Nanaba calls her the same evening, tired and droopy from a long shift, so Hanji offers to buy her a drink.

The place is four subway stations away and located in a basement with a dirty staircase and a less than tasteful shade of red painted on the walls, but the music they’re playing is always good and the drinks are cheap. They both like to sit in a booth in the far corner and play a game called “find the fake ID”, which is practically impossible to lose.

When they run out of teenagers to poke fun at and Hanji’s halfway through her fourth glass, she tells Nanaba the same story she told Mike.

“You’ll find him,” her blonde friend says, slightly slurred.

“How do you know? There’s a lot of people here,” Hanji retorts and wiggles her brows in what she’s sure is a gesture of superiority.

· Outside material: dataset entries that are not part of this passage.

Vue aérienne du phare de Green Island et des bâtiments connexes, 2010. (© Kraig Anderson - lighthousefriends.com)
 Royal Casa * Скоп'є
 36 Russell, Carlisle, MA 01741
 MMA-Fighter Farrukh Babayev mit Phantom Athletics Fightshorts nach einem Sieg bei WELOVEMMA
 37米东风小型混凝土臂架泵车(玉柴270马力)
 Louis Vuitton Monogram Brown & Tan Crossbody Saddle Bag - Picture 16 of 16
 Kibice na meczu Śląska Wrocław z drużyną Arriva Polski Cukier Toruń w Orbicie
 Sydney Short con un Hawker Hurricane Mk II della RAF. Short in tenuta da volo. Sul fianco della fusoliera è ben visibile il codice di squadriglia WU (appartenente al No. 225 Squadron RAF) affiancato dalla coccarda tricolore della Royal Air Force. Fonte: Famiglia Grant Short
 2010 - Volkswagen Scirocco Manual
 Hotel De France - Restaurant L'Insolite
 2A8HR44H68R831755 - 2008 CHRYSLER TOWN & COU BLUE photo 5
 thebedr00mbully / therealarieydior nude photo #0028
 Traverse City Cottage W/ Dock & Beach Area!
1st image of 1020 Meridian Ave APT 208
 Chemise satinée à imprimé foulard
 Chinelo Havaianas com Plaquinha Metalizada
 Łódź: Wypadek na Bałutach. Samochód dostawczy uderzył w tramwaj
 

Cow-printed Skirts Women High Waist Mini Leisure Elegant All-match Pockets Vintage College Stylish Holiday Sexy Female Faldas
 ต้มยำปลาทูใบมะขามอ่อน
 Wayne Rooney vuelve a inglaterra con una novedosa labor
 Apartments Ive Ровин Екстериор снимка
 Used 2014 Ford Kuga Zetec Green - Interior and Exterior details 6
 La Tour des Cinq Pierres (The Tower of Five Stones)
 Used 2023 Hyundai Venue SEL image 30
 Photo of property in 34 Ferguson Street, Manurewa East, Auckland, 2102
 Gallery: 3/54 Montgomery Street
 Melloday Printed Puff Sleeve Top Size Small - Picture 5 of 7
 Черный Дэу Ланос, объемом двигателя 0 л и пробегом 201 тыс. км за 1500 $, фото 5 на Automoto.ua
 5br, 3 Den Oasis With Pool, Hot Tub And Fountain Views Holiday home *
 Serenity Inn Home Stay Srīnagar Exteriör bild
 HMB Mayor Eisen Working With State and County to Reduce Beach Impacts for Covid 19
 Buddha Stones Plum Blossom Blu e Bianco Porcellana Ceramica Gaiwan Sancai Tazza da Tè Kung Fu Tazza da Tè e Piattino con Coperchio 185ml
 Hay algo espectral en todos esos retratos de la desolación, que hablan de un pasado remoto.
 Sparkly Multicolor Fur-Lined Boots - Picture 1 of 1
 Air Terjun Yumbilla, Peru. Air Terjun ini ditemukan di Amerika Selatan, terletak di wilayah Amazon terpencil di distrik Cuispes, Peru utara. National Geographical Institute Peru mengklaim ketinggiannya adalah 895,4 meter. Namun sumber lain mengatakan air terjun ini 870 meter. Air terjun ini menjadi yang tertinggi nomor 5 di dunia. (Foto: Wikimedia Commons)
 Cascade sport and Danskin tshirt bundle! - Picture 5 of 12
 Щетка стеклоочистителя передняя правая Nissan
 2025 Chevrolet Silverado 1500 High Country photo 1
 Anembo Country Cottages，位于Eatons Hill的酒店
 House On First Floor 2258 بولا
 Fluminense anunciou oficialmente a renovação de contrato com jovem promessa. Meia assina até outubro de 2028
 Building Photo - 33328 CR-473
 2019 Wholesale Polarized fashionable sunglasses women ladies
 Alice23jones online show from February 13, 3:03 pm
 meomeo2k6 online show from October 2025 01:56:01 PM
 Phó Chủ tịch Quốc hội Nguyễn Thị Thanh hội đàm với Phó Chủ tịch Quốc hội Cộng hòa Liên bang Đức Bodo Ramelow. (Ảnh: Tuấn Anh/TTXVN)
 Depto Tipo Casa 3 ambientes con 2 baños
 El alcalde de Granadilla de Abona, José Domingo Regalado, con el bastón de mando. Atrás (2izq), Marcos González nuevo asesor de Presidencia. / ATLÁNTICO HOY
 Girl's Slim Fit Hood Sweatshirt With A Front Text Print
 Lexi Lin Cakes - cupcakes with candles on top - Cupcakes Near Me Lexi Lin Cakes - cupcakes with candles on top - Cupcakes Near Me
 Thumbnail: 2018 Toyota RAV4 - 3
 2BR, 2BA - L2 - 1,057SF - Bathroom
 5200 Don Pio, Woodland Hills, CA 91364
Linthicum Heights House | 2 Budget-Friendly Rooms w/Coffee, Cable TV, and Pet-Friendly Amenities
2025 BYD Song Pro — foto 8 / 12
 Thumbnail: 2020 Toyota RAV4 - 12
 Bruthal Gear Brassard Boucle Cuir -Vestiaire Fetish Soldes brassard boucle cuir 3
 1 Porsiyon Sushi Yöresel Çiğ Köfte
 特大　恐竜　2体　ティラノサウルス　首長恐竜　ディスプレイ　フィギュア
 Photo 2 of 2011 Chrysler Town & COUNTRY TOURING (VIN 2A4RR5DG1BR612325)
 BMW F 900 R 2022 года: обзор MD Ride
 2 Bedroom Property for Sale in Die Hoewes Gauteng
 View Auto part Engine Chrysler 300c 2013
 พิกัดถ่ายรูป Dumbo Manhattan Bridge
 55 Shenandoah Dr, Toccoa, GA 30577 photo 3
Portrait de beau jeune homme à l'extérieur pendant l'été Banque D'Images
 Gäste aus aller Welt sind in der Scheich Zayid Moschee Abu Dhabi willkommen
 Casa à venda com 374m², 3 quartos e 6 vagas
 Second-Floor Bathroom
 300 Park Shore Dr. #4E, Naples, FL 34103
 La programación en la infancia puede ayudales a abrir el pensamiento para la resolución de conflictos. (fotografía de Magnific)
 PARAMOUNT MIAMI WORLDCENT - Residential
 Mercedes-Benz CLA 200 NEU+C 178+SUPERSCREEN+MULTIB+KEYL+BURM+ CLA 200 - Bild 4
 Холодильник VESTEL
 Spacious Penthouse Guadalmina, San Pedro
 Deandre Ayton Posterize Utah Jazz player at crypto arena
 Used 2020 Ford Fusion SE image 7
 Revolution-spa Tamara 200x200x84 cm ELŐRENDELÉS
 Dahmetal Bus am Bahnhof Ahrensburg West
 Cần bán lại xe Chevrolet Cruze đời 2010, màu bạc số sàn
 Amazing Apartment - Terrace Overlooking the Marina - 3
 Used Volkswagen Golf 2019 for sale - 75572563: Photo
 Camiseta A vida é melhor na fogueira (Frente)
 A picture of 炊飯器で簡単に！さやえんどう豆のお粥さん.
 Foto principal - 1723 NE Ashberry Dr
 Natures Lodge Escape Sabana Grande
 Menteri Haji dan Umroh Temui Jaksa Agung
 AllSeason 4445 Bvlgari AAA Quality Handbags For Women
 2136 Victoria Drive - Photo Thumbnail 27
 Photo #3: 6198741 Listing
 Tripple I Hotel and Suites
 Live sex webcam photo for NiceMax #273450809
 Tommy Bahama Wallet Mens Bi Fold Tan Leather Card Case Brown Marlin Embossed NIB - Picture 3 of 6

“Gut feeling,” Nanaba says, patting her stomach twice. “I’m never wrong.”

-

Turns out, she isn’t.

Hanji drags herself to the coffee shop the next morning, head pounding just enough to be annoying, and finds the guy at one of the barstools by the counter. She sits down heavily next to him.

“We have to stop meeting like this,” she says, and the guy drops the phone he was holding to the table with a clatter.

“What did I do wrong?” he asks, face smoothed into apathy.

“What?” Hanji asks, biting back a yawn. “Wrong?”

“Usually when people say that line, both of those people are in trouble,” the guy explains, quirking a brow. “I’m just having a Mocha.”

“Oh,” Hanji answers, waving her hand sloppily in the air, “I didn’t think to hard on it. It was between that, something like ‘fancy seeing you here’ and ‘are you stalking me?’. Neither seemed appropriate so...”

“I’m not even going to bother answering the stalking thing,” the guy says, picking his phone up form the table and slipping it into his pocket.

“So that’s a definitive yes then?” Hanji smirks. The guy just rolls his eyes.

There’s a beat of silence before the barista comes over, asking for Hanji’s order. She waits for her coffee while staring off into space and ignoring her aching head. The guy pulls his phone back out of his pocket and continues what he was doing, which turns out to be-

Playing a game about flying penguins.

“Penguins can’t fly,” Hanji says, drumming her fingers against the counter. “That game is wrong.”

“Actually, you’re wrong,” the guy says. “They’re just sliding on the hills and then flying because of the momentum.” He falters, breaks the eye contact, clears his throat. “My friend got me into it.”

“Oh really? What’s the name of this friend?" 

“Petra.”

“Hmm. Okay, then. To uncommon for you to have made up on the spot. I believe you.”

“I don’t care. And you shouldn’t look at other people’s phones.”

“Why, because it’s rude?”

The guy just shrugs, frown back on his face. The barista brings Hanji’s coffee in a to go mug.

“Well,” Hanji says, stretching as she slides off the barstool. “See you around….?”

A beat of silence. Then, “Levi.”

“Alright then!” she smiles, stretching her hand out. “See you around, Levi.”

Levi offers up his hands and they shake, just once. Before he can pull away, Hanji grabs Levis wrist and turns his hand around to look at his palm.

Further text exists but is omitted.